The software security discipline is full of terminology and it’s important to state our particular definitions for these terms in the context of GrammaTech products and our approach to improving software security. This is not an exhaustive list but it does include some of the most popular phrases used with respect to software development processes and tools that are used in security-related work.
Software security is largely risk management; identifying, analyzing, prioritizing then mitigating risks. The risk of poor software security includes, among many other things, data breaches, malware infiltration, unwanted access and denial of service. Software security also means engineering a product (an application, a service, or a device) to continue to operate normally while under attack. To achieve this, software security includes the pursuit of identifying and removing potential security vulnerabilities throughout the software development lifecycle (SDLC).

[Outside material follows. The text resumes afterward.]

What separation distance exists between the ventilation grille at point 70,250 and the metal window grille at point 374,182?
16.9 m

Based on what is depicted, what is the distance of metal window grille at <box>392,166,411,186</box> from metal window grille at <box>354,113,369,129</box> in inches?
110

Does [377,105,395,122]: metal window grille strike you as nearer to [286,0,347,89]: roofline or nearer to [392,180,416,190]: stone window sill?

DevSecOps (Development-Security-Operations) improves the DevOps (Development-Operations) pipeline to where security is a critical part of the development process. The realization here is that a security failure is the same, or worse, as a quality failure. Security is a differentiator but not at the expense of innovation and time to market. Software organizations don’t intentionally leave out security but unless it’s part of the development culture, it doesn’t get done. At huge risk, software teams are delegating security until the end of the development. Unfortunately, you can’t ‘tack on’ security at the end.
Making security part of an organization culture and DevOps pipeline requires careful planning, training, expertise and the right automation support. To reduce the impact of DevSecOps the right tools integrated into the security and quality process is the key.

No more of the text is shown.